Researchers interviewed former prisoners and prison guards at Saydnaya and concluded that between 5,000 and 13,000 people were killed there between September 2011 and December 2015.

The killings are believed to be continuing even today. 

Amnesty alleges that the scale of the killing means the hanging programme must have been “authorised by officials at the highest levels of government”. 

Individual death sentences are supposed to be approved by either the minister of defence of the chief of staff of the army, both of whom are authorised to act on behalf of Mr Assad. 

The report may bolster critics of Donald Trump who have been alarmed at his apparent willingness to work with Russia and the Assad regime in the fight against the Islamic State of Iraq and the Levant (Isil).  

“I don’t like Assad at all, but Assad is killing [Isil],” Mr Trump said during the second presidential debate against Hillary Clinton.
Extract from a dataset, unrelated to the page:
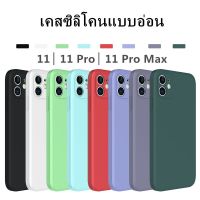 เคส โทรศัพท์ เคสมือถือ Tเคสใช้สำหรับไอโฟน เคสขอบเหลี่ยม ใช้สำหรับ iP  11 Pro 11 Pro Max 12 PTU Case เคสซิลิโคนแบบอ่อน เคสซิลิโคน เคสมือถือ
The Amnesty report also describes how prisoners at Saydnaya are subjected to “maximal physical and psychological suffering” before their executions, including rape and severe beatings. 

One student named Omar told researchers that prison guards would take one of the smaller male prisoners and make him face a wall and then instruct a larger male prisoner to rape him. 

“Sometimes psychological pain is worse than physical pain, and the people who were forced to do this were never the same again.”